▶ **ACTION ITEM**
Your task is to retype, exactly and without pictures, the line holding "mm (78791, VOREL)" and each line that follows it to the end of the entries.

----------------------------------------

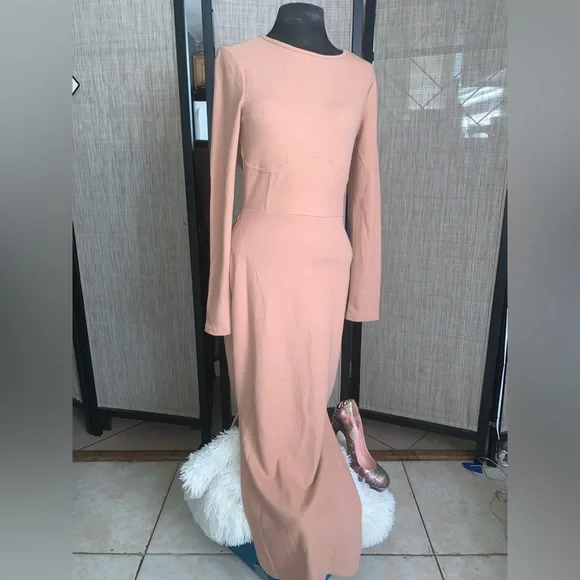 pink diamond maxi dress Altoir Pink Diamond Maxi Dress Night Novas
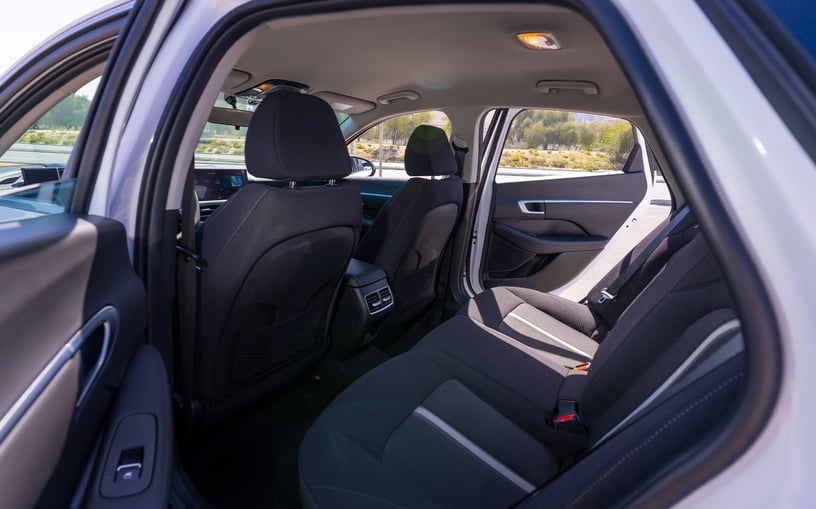 Hyundai Sonata (Bianca), 2024 - offerte di leasing in Ras Al Khaimah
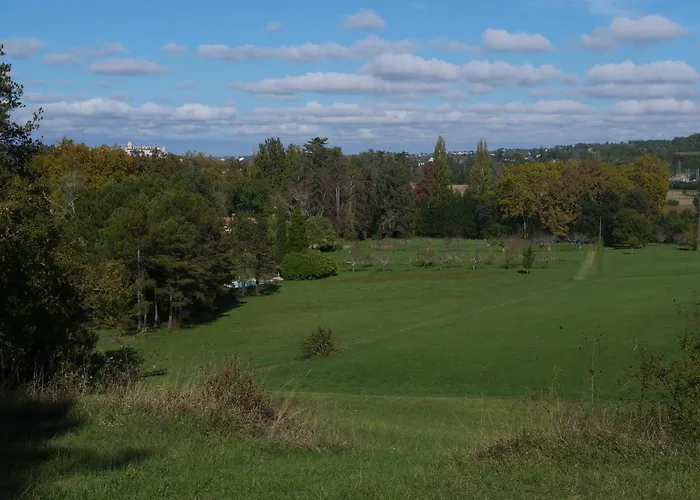 Poline, Private And Rustic Golf Фермерский дом *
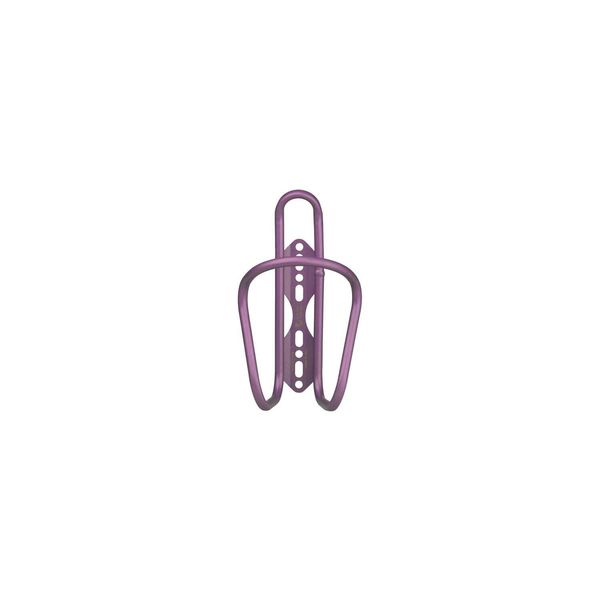 Wolf Tooth Titanium Morse Bottle Cage Purple / One Size click to zoom image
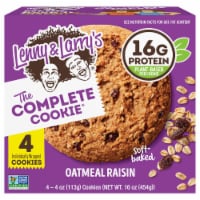 Lenny & Larry's® The Complete Cookie® Oatmeal Rasin Cookies Multipack Perspective: Main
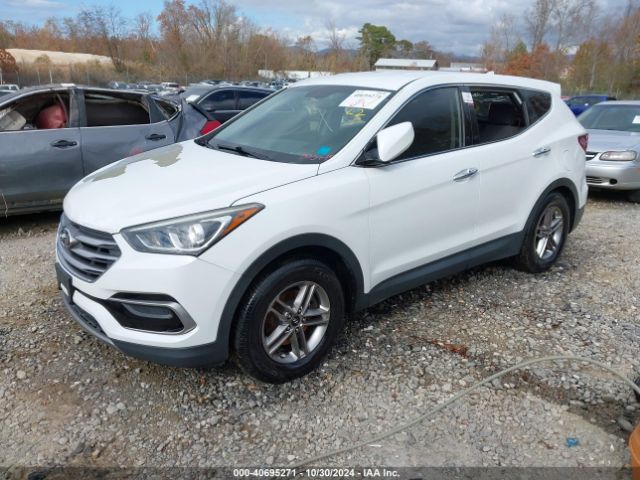 5NMZTDLBXHH003745 Hyundai Santa Fe Sport 2.4l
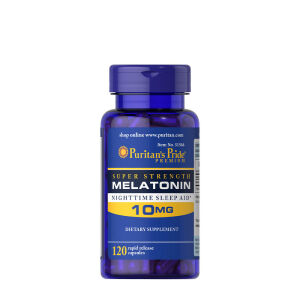 Puritan's Pride Melatonina 10 mg (120 capsule) - Viking Supplements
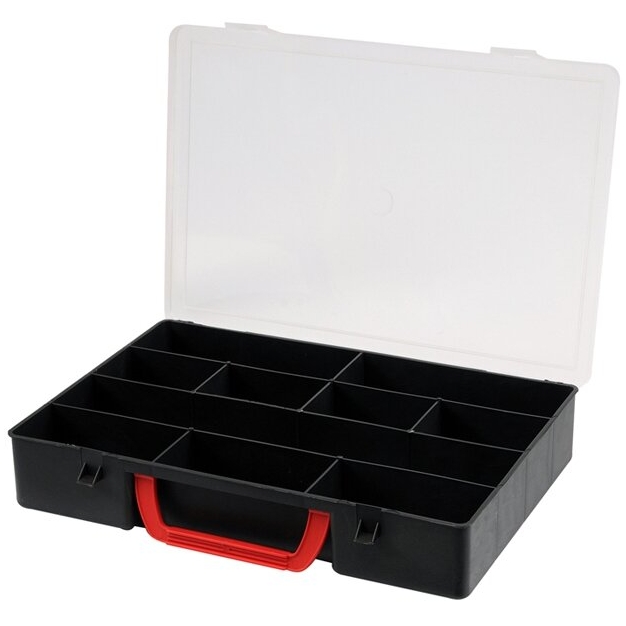 ⬡ Dėžutė smulkmenoms 300x220x55 mm (78791, VOREL)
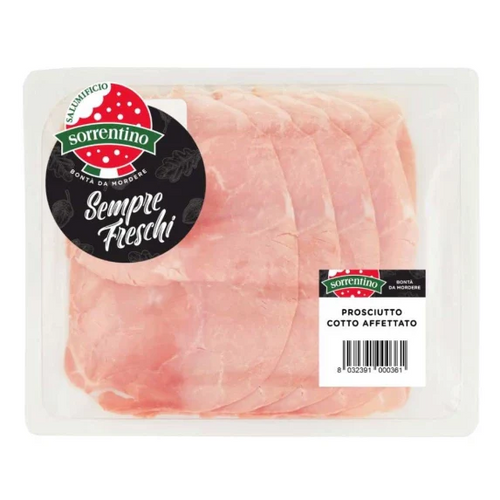 Jambon cuit tranché SORRENTINO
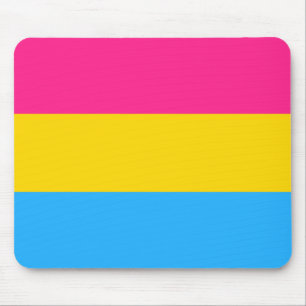 Pansexual Pride (Pan Flag) Mousepad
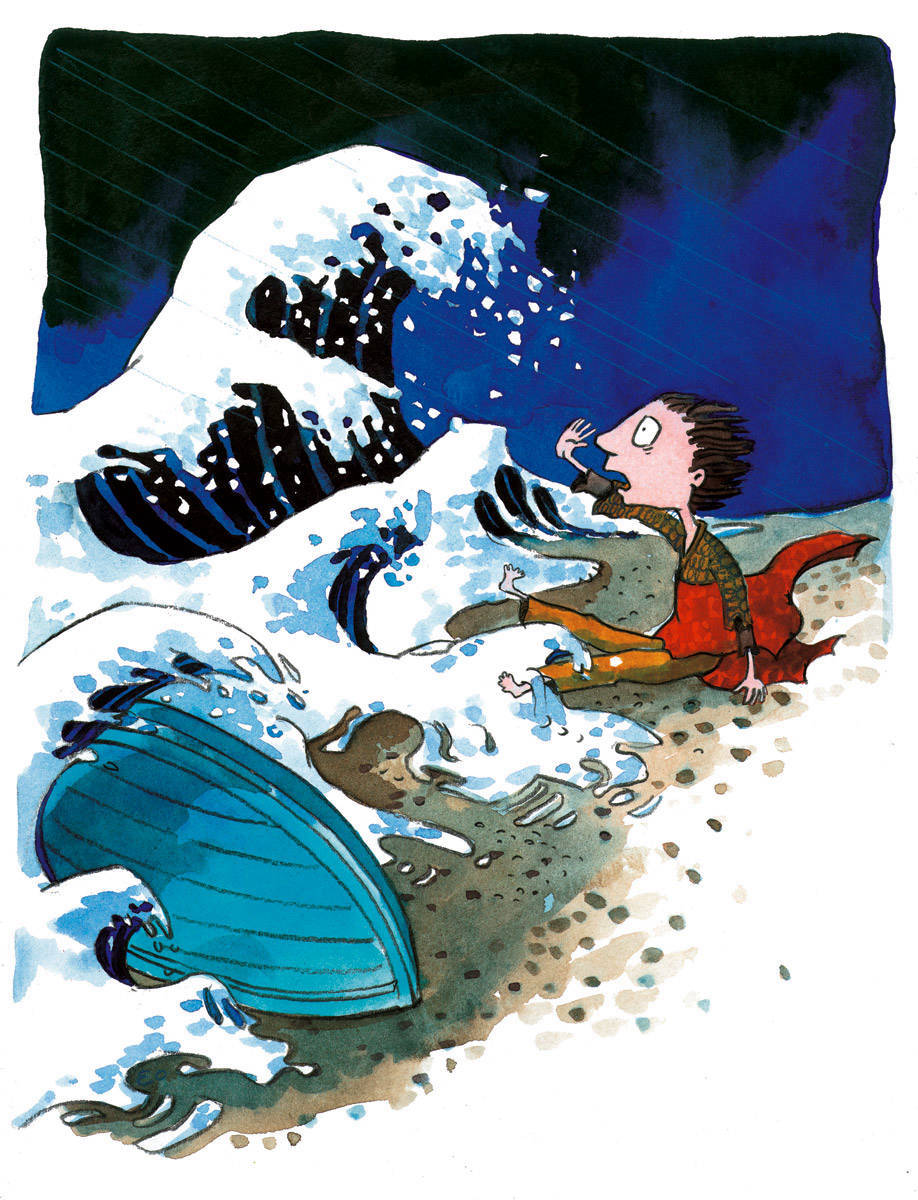 Drengen fra Danzig, Weekendavisen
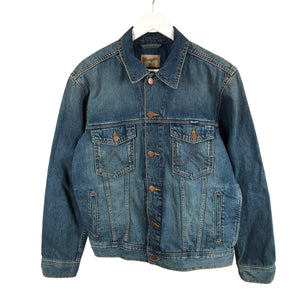 Unisex Wrangler - Farkkutakki, koko M -  (1)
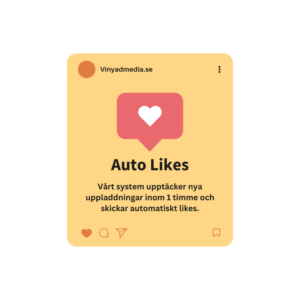 köp instagram auto likes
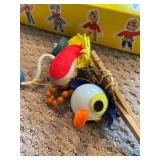 Small Pelham Bird Puppet From The 60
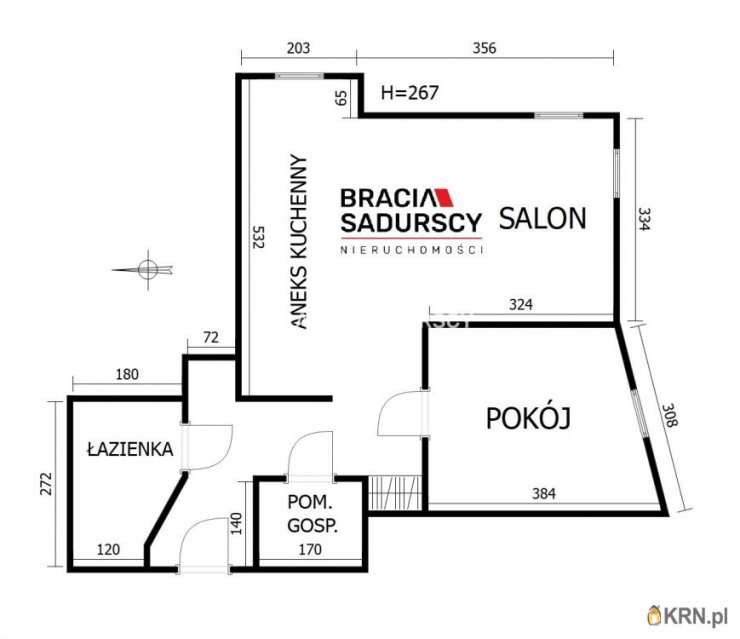 Mieszkanie  do wynajęcia, 2 pokojowe, Kraków, Stare Miasto/Kazimierz, ul. Trynitarska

----------------------------------------

▶ **EXERCISE RESULT**
 ⬡ Dėžutė smulkmenoms 300x220x55 mm (78791, VOREL)
 Jambon cuit tranché SORRENTINO
 Pansexual Pride (Pan Flag) Mousepad
 Drengen fra Danzig, Weekendavisen
 Unisex Wrangler - Farkkutakki, koko M -  (1)
 köp instagram auto likes
 Small Pelham Bird Puppet From The 60
 Mieszkanie  do wynajęcia, 2 pokojowe, Kraków, Stare Miasto/Kazimierz, ul. Trynitarska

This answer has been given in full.